#### [EXERCISE INSTRUCTIONS]
A verbatim copy is needed of the lines below from the one containing "Sterling Silver Rhodium-plated" up to and including the one containing "Burgundy Sheath Sapghetti", excluding pictures.

#### [SUPPLIED MATERIAL]
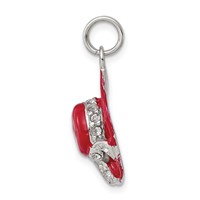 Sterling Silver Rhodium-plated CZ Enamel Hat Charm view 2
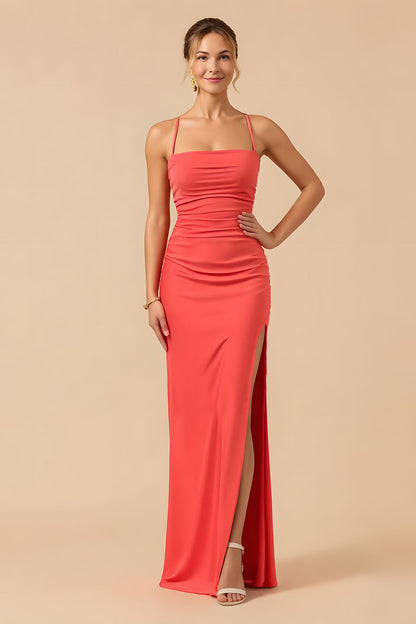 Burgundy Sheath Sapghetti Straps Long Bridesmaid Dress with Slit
---
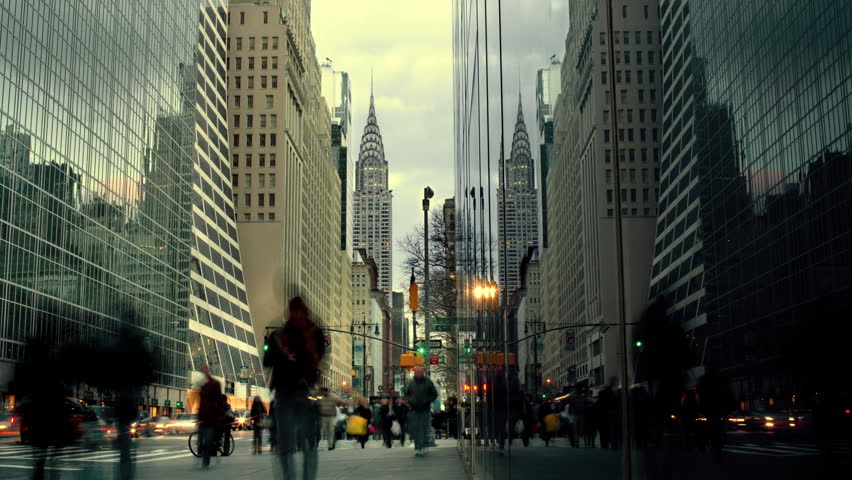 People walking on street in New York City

#### [SOLUTION FOR THIS PROBLEM]
 Sterling Silver Rhodium-plated CZ Enamel Hat Charm view 2
 Burgundy Sheath Sapghetti Straps Long Bridesmaid Dress with Slit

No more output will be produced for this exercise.